_Activity_
From the first line of the entries down to the line with "Que desaparezca el", write out every line exactly; that last line counts, but pictures do not.

_____

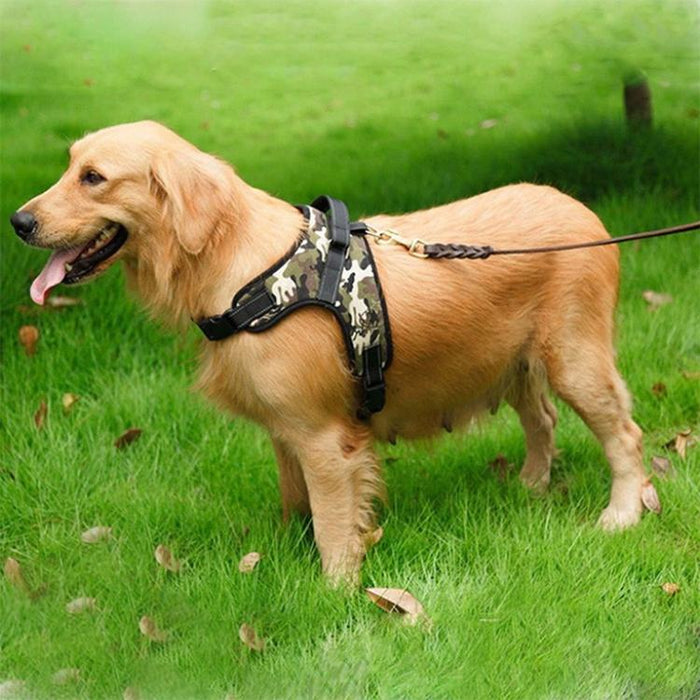Adjustable Chest Strap For Dogs Size M Black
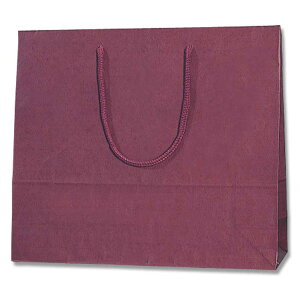 HEIKO  񂰎 J[`[obO 3 GW 330×}`100×290mm 10 Ɩp bsO VW}R[h005320113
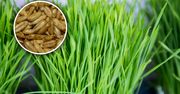 Kiedy wysiać owies na Wielkanoc? Nie pomyl terminu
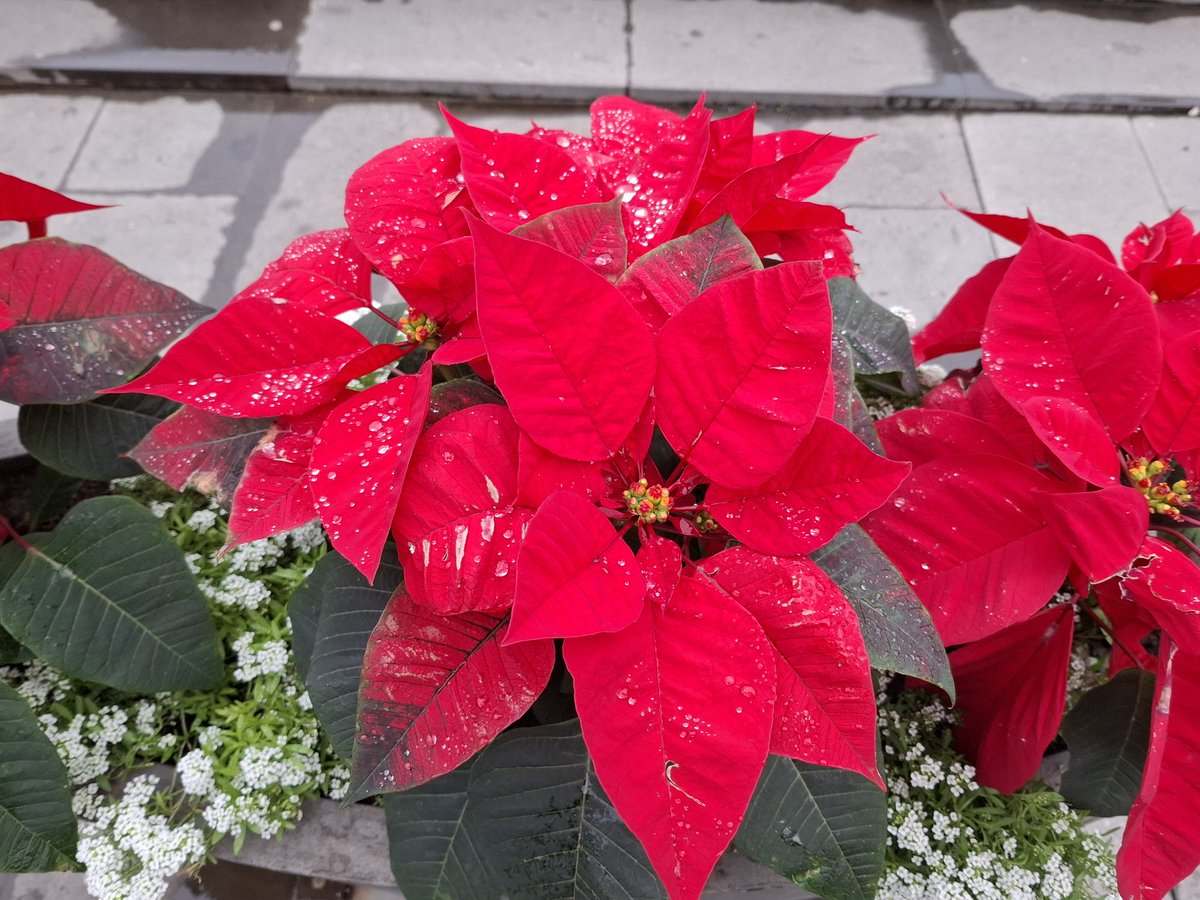 irusia2014's tweet image. Una muy feliz  Noche vieja  y un Próspero año nuevo. 
Que desaparezca el Sanchismo  y sus compinches.
Que triunfe la coherencia, los valores, nuestras tradiciones, nuestras creencias, nuestra verdadera historia y nuestro futuro que son todos los jóvenes españoles.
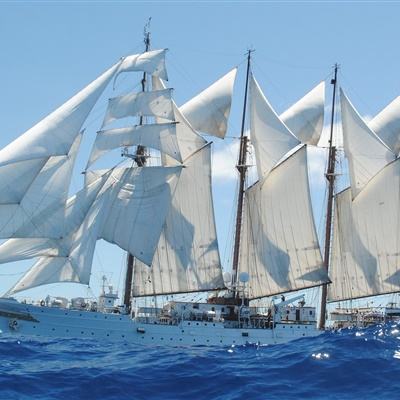 乐鱼·(LEYU)体育官方网站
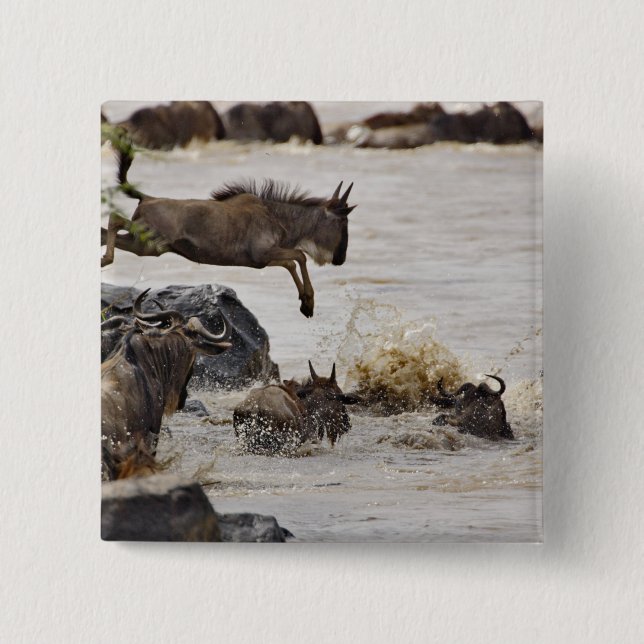 Chapa Cuadrada Ñu saltando al río Mara (Anverso)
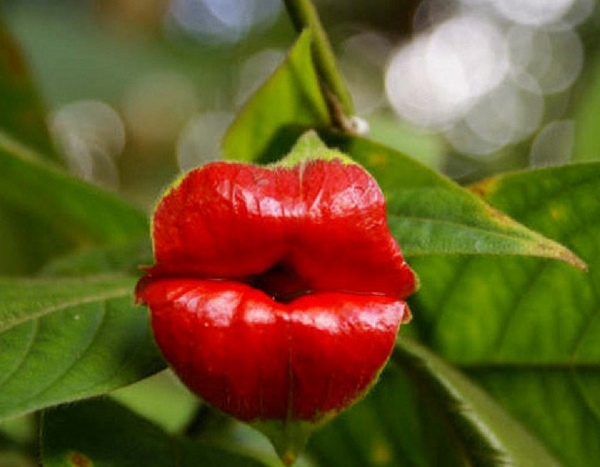 Du printemps, des magazines de jardinage et des foires aux plantes... rares !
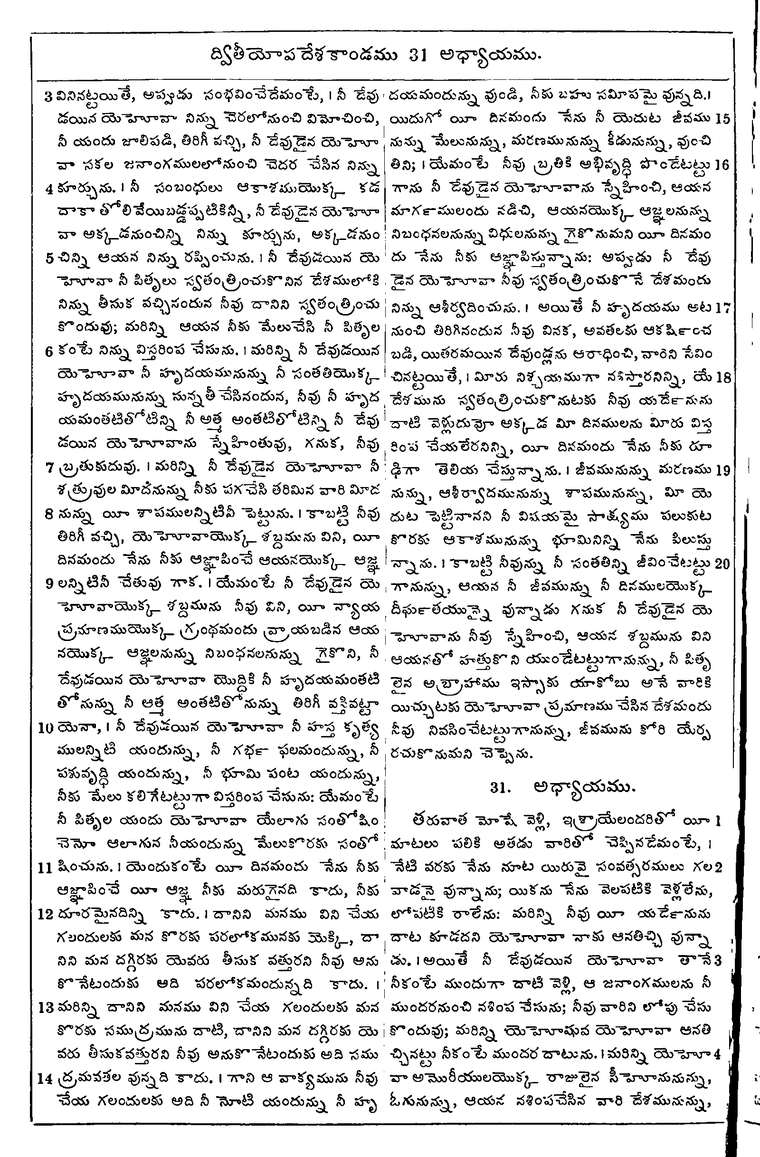 Page 238 of the 1881 Telugu Bible - Deuteronomy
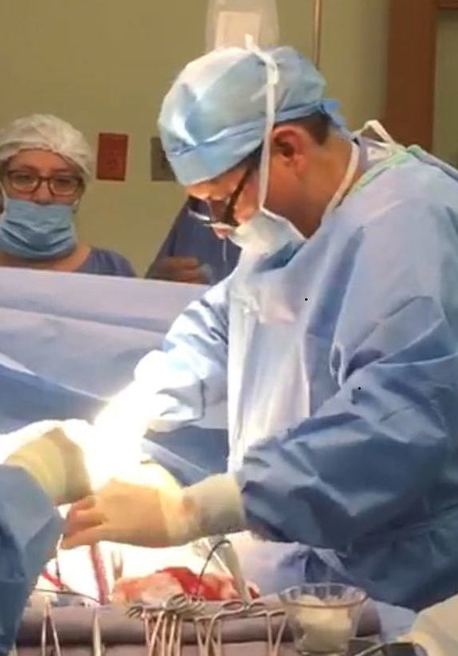 Описание изображения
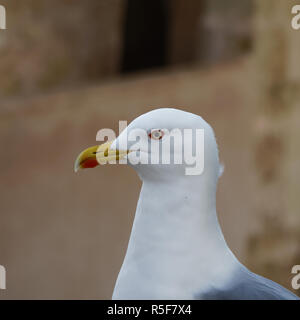 Zu Alicante, Alicante Stockfoto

_____

_Completed exercise_
Adjustable Chest Strap For Dogs Size M Black
 HEIKO  񂰎 J[`[obO 3 GW 330×}`100×290mm 10 Ɩp bsO VW}R[h005320113
 Kiedy wysiać owies na Wielkanoc? Nie pomyl terminu
 irusia2014's tweet image. Una muy feliz  Noche vieja  y un Próspero año nuevo. 
Que desaparezca el Sanchismo  y sus compinches.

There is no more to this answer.